There are basically two ways to convert from film to a digital format.

Either you can project the film as normal, and film it with some kind of video camera, or you can use what's known as a telecine.  A telecine scans each frame of the film individually and assembles tem into a movie. This produces a much superior result to simply filming the projected film.

An industry ptofessional grade telecine, such as the Rank-Cintel C-Reality, designed for 35mm Holywood film scanning, would cost you in the region of £400,000, secondhand. At one time (1994-1996) I worked for Cintel in Ware, Herts and picked up a few tips.

The results can, for example, be uploaded to youtube, and/or written to a standard DVD.

We can convert 8mm and Super 8mm cine film to any digital format you want (we should also be able to do 9.5mm in the next few months).

We do not have the facilities to convert cine soundtracks at this time, but I'm looking into it. (See Sound).

If you want to add a soundtrack, you can supply one on CD, cassette tape, or whatever media takes your fancy. Generally speaking we don't recommend a musical soundtrack because they tend to date terribly quickly. A standard prijector "click, click, click ..." is quite popular.

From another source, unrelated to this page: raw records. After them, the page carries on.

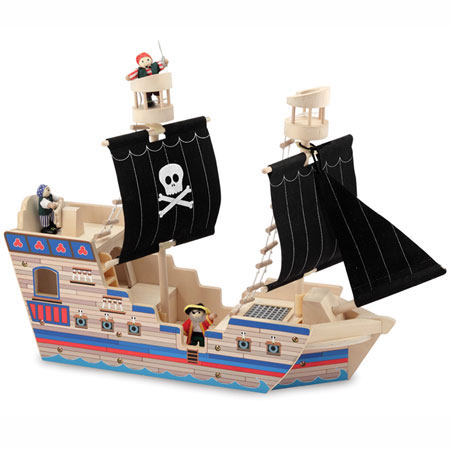 Deluxe Pirate Ship Play Set - - Fat Brain Toys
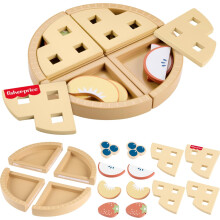 Fisher-Price Holzspielzeug Obstkuchen, 16-teiliges Holzpuzzle-Set für Vorschulkinder ab 3 Jahren (Amazon Exklusiv)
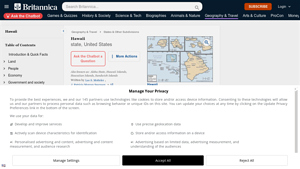 Hawaii | History, Map, Flag, & Facts | Britannica - hawaii part of usa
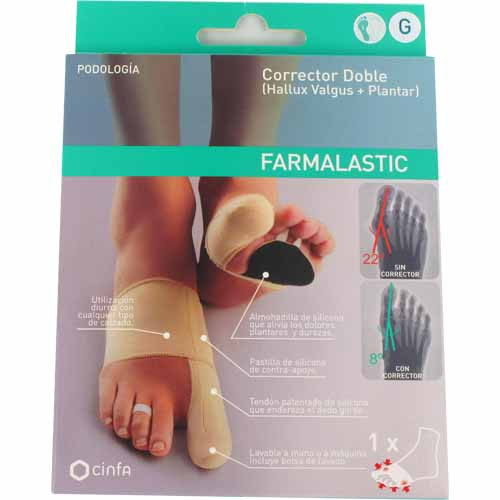 Farmalastic corrector doble juanetes y plantar t-g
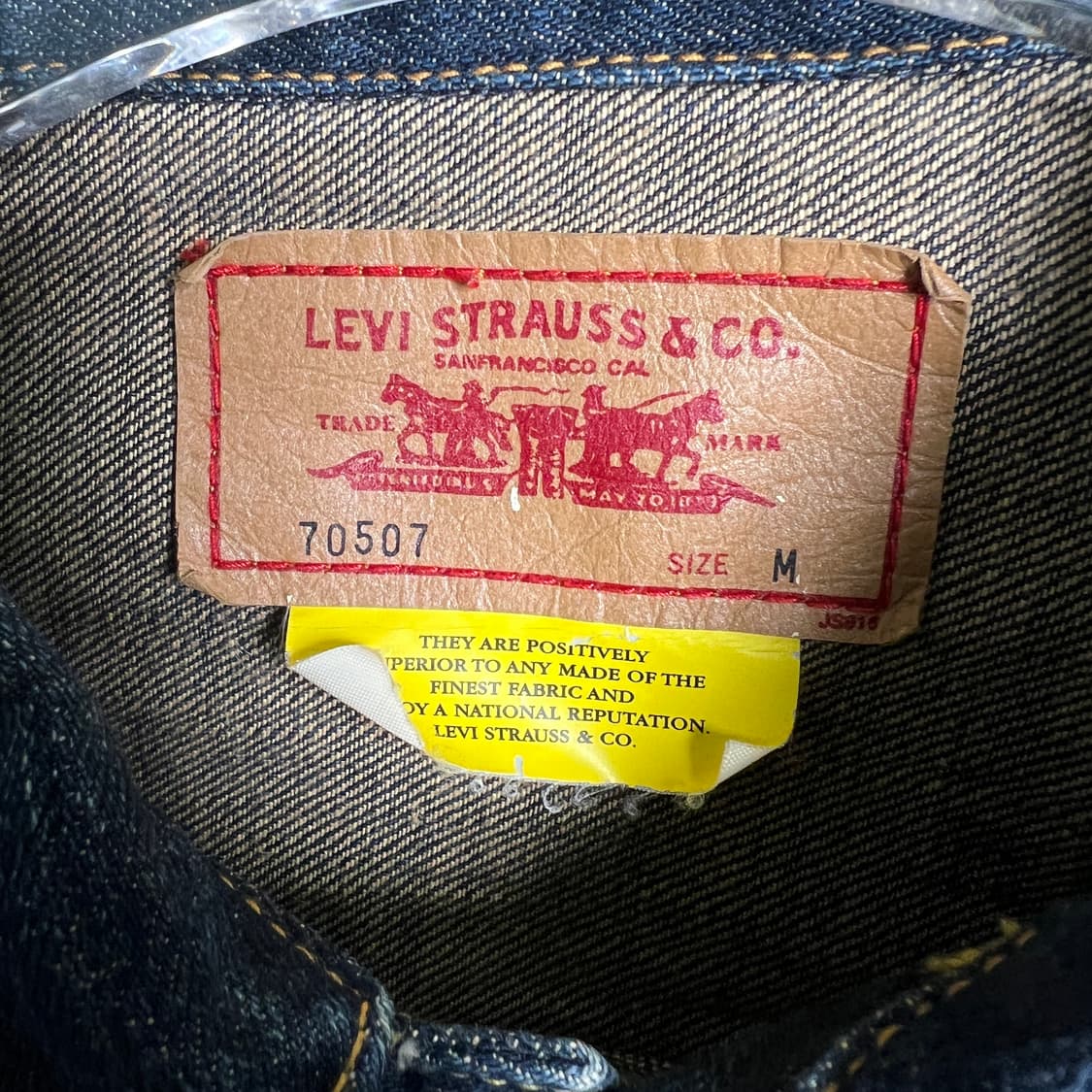 리바이스 LVC 2세대 70507 507XX 일본판 복각 데님 자켓 상품이미지4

When one videos a projected cine film, one is usually recording at either 25 or  30 frames per second. Cine, however, is filmed and projected at a  variety of frame rates. The important thing is that the rate at which  the cine is filmed and projected differs from the rate at which it is  videoed at. Now, as you know, a cine film is made up of individual  frames. Each frame is separated from other frames by a frame border  - basically a black line. When you film the projected cine, the camera  picks this black line up and interprets it as a momentary dulling of the  picture. The net effect is a perceptible light/dark flashing effect that  we call "strobing".

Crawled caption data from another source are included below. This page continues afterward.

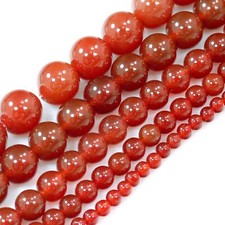 Natural Red Carnelian Spacer Round Bead 15" 4mm 6mm 8mm 10mm 12mm Wholesale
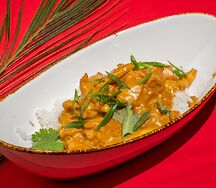 Рис с курицей карри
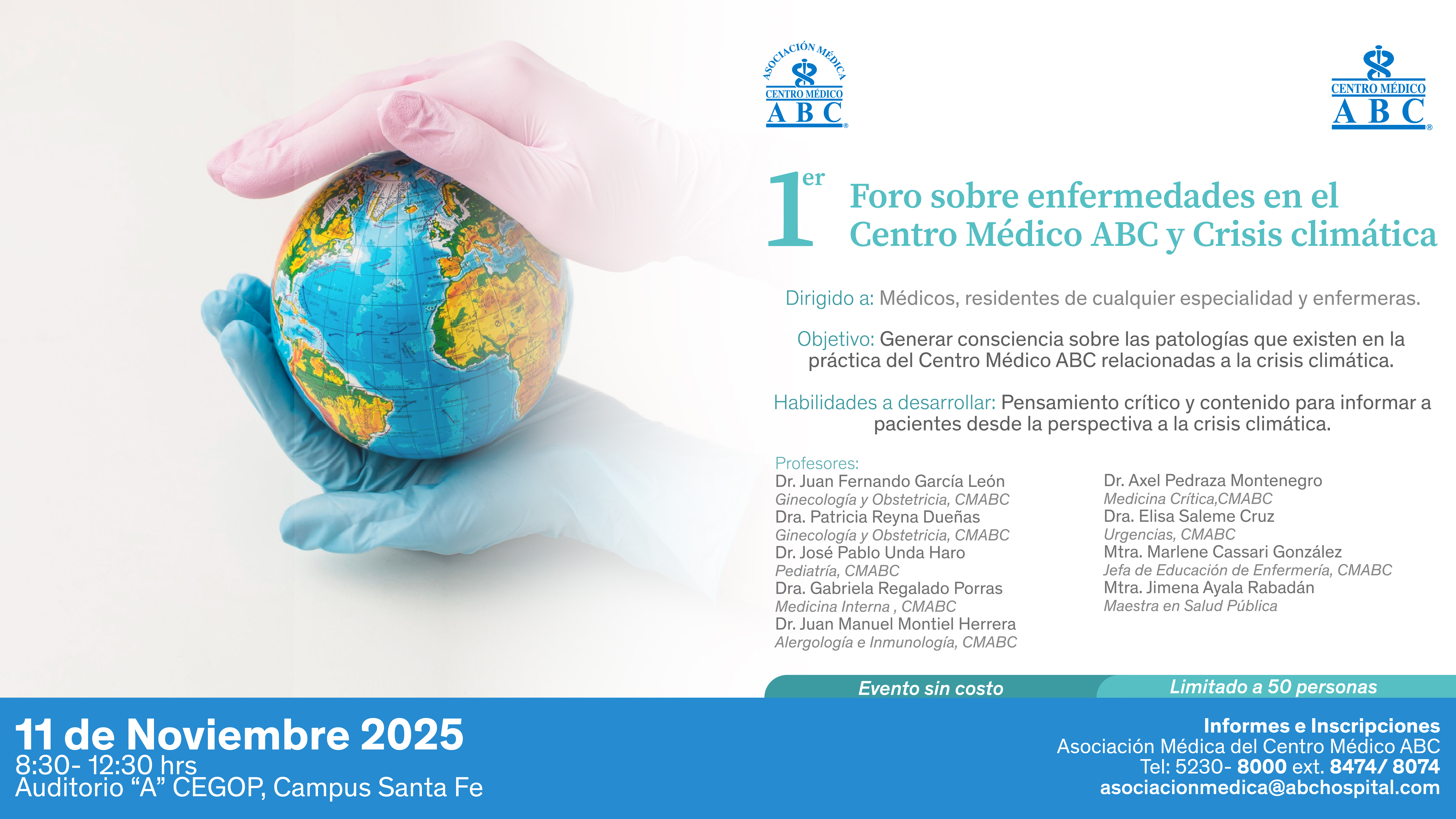 1er Foro de enfermedades en el CMABC y crisis climática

Scanning each frame individually completely avoids this problem because only frames are scanned, not inter-frame borders.

Dull Edges!

When you project a cine film, the film is illuminated by a standard bulb. The light produced by the bulb tends to be circular, and the brightness level falls  off the further you get from the centre of illumination. This is  illustrated below:


The adjustable LED light source of some telecines avoids this problem, resulting in a high quality transfer

Frame Cropping!

Basically this problem is avoidable when videoing a projected cine film,  but it's tricky to do well. The nature of the problem is that the frame  size of your video camera differs from the frame size of the projected  movie. Well, when I say "frame size," what I actually mean is "aspect  ratio". So what's the aspect ratio? And why quibble?

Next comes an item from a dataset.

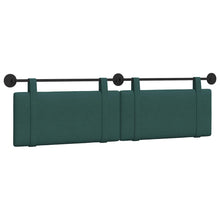 Hangend Hoofdeinde Effen Donkergroen 190 x 55 x 5 cm Stof
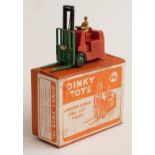 Dinky Toys diecast model Coventry Climax Fork Lift Truck with orange body, black boom and green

Essentially the "aspect ratio" is the ratio of image height to image width. Cine is generally 4:3, most films and TV these days is 16:9 The yellow rectangle illustrates the frame size and aspect ratio of most PAL digital cameras - it's a bit different for NTSC, or if you're using widescreen format, but the principle is the same.

PAL Aspect Ratio

In order to make sure that you video the whole projected cine image, you need to position the camera at a distance from the screen so that with the appropriate zoom setting you get the entire image without loosing either the vertical or horizontal edges. And then, of course you run into other problems to do with illumination levels, camera angle and so on. As I say, it can be done but it's damn fiddley and quite hard to get right.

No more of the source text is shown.